What is value? In this edition of Gift Planner's Digest, San Francisco attorney and planned giving consultant Lynda S. Moerschbaecher explores the crucial role that establishing a correct value plays in the outcome of charitable gift plans.

by Lynda S. Moerschbaecher

Lynda S. Moerschbaecher is a well-known consultant and lawyer located in the San Francisco Bay Area whose practice extends nationwide. She works with individuals, closely held businesses, and financials advisors, in the areas of estate plans for clients of wealth, design, and structure of charitable/philanthropic transfers for dynamic personal benefit, creation of domestic and international private foundations, or new public charities, technical support, and document drafting for other financial advisors. Moerschbaecher speaks and writes on estate planning and philanthropic transfers that financially benefit the family as a group, lower or eliminate income, and estate taxes for high level wealth clients, and diversify and restructure assets for the owner. She has been a frequent speaker at the National Conference on Planned Giving and was a featured author for the inaugural issue of The Journal of Gift Planning.

Introduction

What is value? Value as a concept is often taken for granted, but if you stop to think about it, it is the very basis of every transaction we do in charitable gift planning. We are lowering value, raising value, trying to make value disappear, defending value, defining value, timing value, shifting value to others, and any number of other things related to value or valuation. Yet we take the concept of value in stride as if it were a concrete object we walk by each day on the way to work knowing it's there, but never really looking. Once in a while we should stop as we pass by and take a closer look.

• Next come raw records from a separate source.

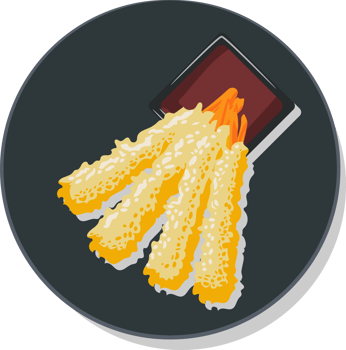Tempura png graphic clipart design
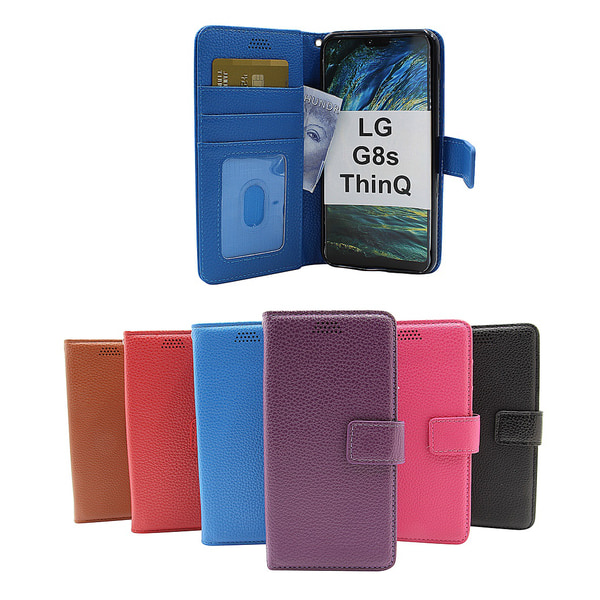 New Standcase Wallet LG G8s ThinQ (LMG810) Röd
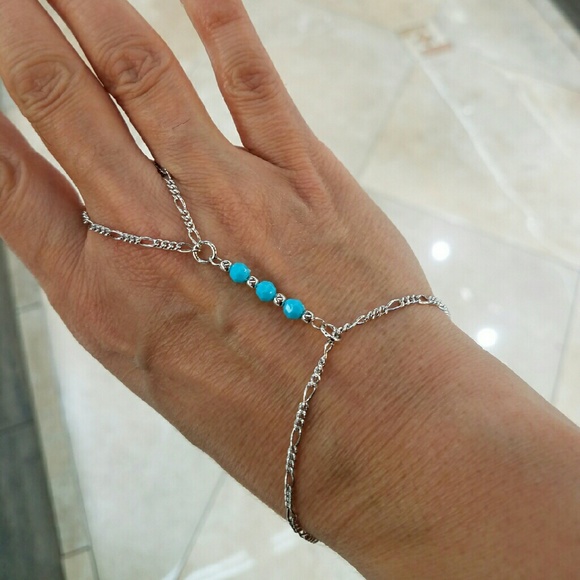 Jewelry - 14k gold over Silver fashion Bracelet!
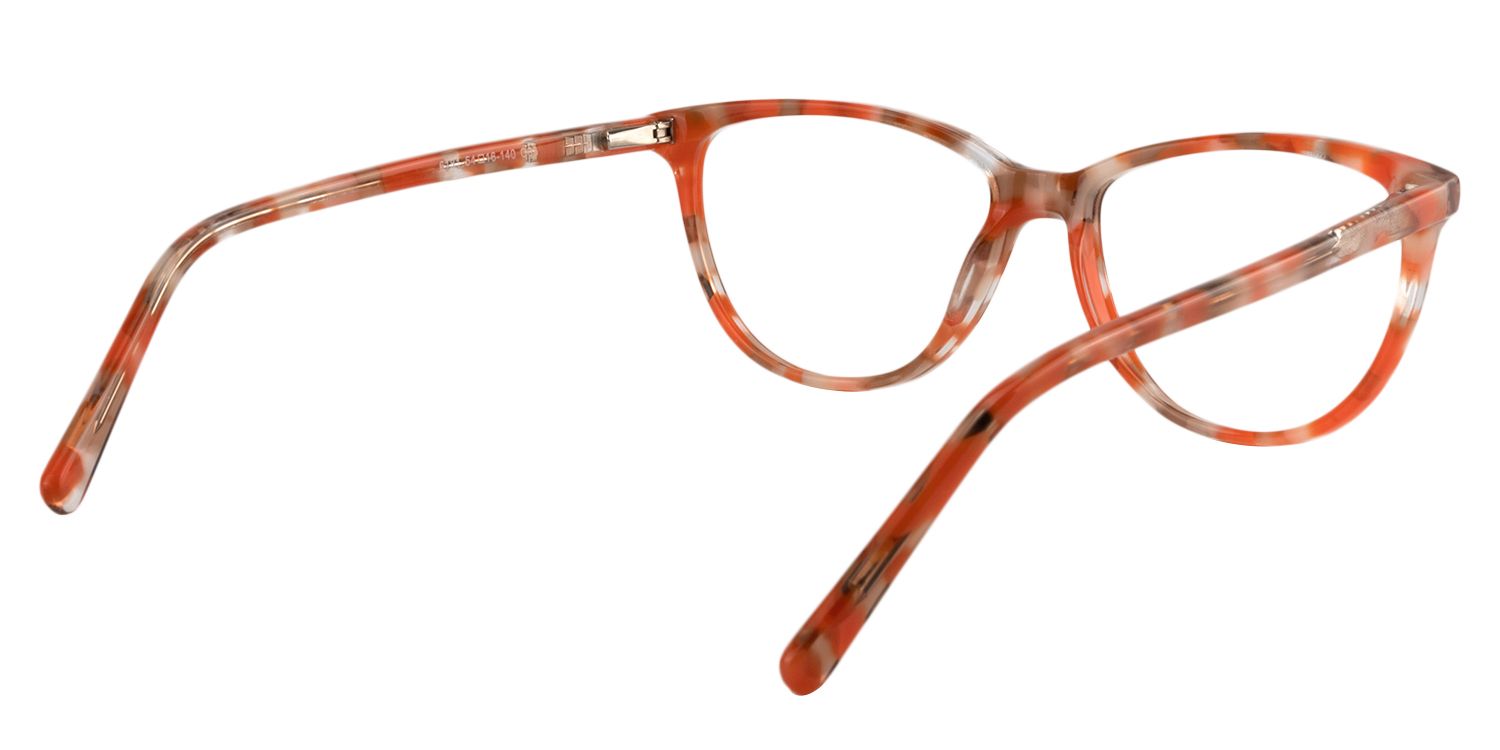 Oval Orange-Pattern Glasses | Zeelool Glasses5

The Concise Oxford Dictionary defines value to include the worth, the desirability or utility of a thing. It continues to say it is the amount of money or goods for which a thing can be exchanged in the open market--its purchasing power. The amount of money or goods for which a thing can be exchanged, however, can change overnight. Either up or down. So what is this ephemeral thing called value if it is so "unconcrete" as that?

So much of the tax law relating to estate planning or asset planning is based on the concept of value that it is probably the most litigated concept in the tax courts. Judges, lawyers, the Internal Revenue Service, and experts alike struggle to come to terms with this concept. Capturing the concept is akin to catching steam from a boiling cauldron. For the most part, a tax law definition has emerged: applying it, however, is not easy. The tax law follows the "willing buyer--willing seller" test. This test says value is the price a willing buyer will pay to a willing seller, both parties having reasonable knowledge of the relevant facts and neither being under compulsion to buy or sell. [Reg. Sec. 20.2031-1(b)] Value is not determined by a forced sale or in a market other than that in which the item is ordinarily sold.

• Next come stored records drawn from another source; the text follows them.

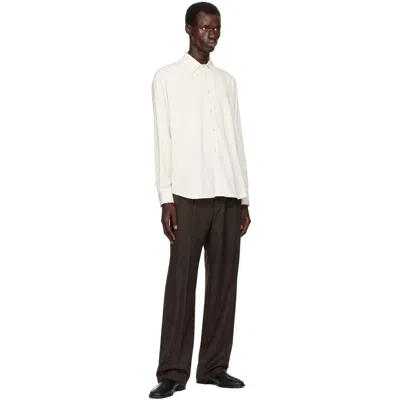 Lemaire オフホワイト リラックス シャツ In White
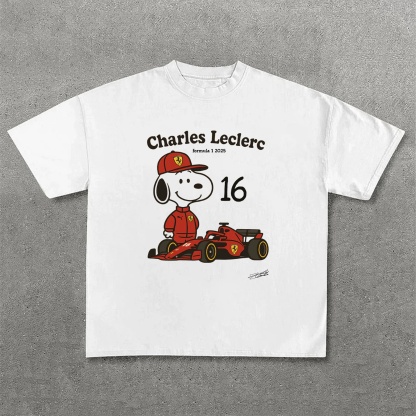 Super Popular Racing Driver Print Short Sleeves 04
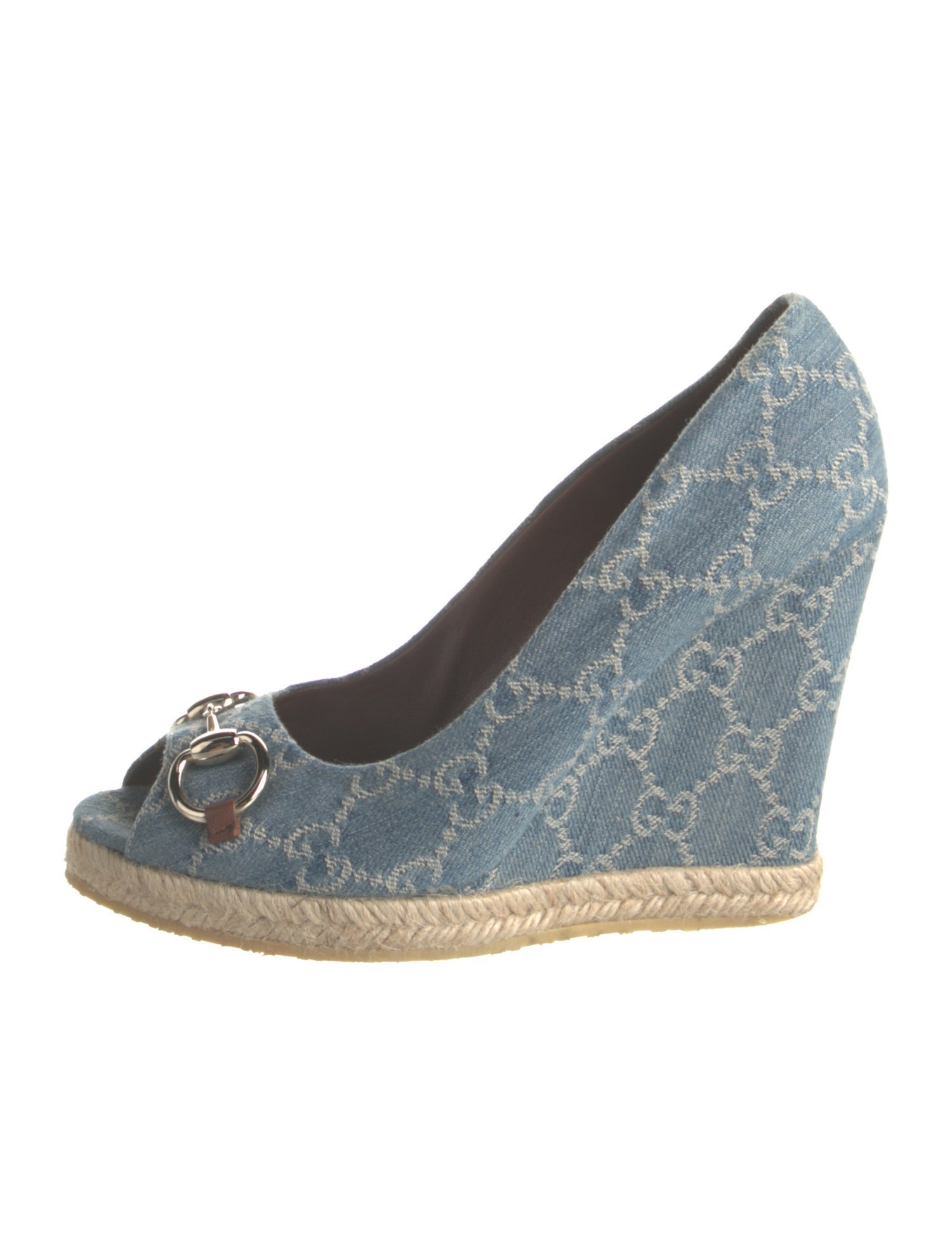 Gucci GG Denim Denim Pumps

Why is this very simple definition the subject of such close scrutiny by the tax authorities, and thus, the industry? Because everything we do with wealth structure, design, or planning is based on it, even though we do not really focus on it that way.

We are concerned about removing the value of assets transferred to charity, or charitable trusts, from the gross estate of the donor of those assets. If we cannot remove it, we sometimes try to establish a lower value, discounted for minority-held positions in closely held business or in parcels of real etstate. Other times, we forget that these very same discounts apply to the transferred gift. Valuation techniques combine favorably or unfavorably, as the case may be, with charitable gifts.

In addition, charitable deductions, whether for gift and estate tax or income tax are entirely based on this slippery concept called value. Appraisals are required to help establish this amount that represents a fair exchange, but are not a substitute for the "correct value," as we know from many rulings and cases. The IRS can always challenge the value and can assess penalties for gross misrepresentations of value, whether too high or too low.

In the field of planned giving, value forms the basis for much more than a donor's deduction. It forms the basis for the donor--beneficiary's payouts (and therefore general happiness with the transaction and ultimately with the planner or the charity involved). Charitable remainder trusts, charitable lead trusts, gift annuity payouts, and pooled income fund unit assignments are all based on this one concept. If one were to choose the single most important topic of work in this field, it would have to be the value and the process of establishing it, or valuation. Nevertheless, if a test were given to all planners on concepts of value and methods of valuation, most would flunk. Things such as penalties and penalty taxes are also based on value. For example, the excise tax on acts of self-dealing is based on the "amount" of the transaction, which is not always easy to determine. Accuracy related penalties are also based strictly on value, in fact on a concept that may be an oxymoron, "correct value." Required provisions of charitable remainder trusts include repayments to and from the trust for overvaluation and undervaluation of the trust assets. Everywhere you turn in this field you bump into value.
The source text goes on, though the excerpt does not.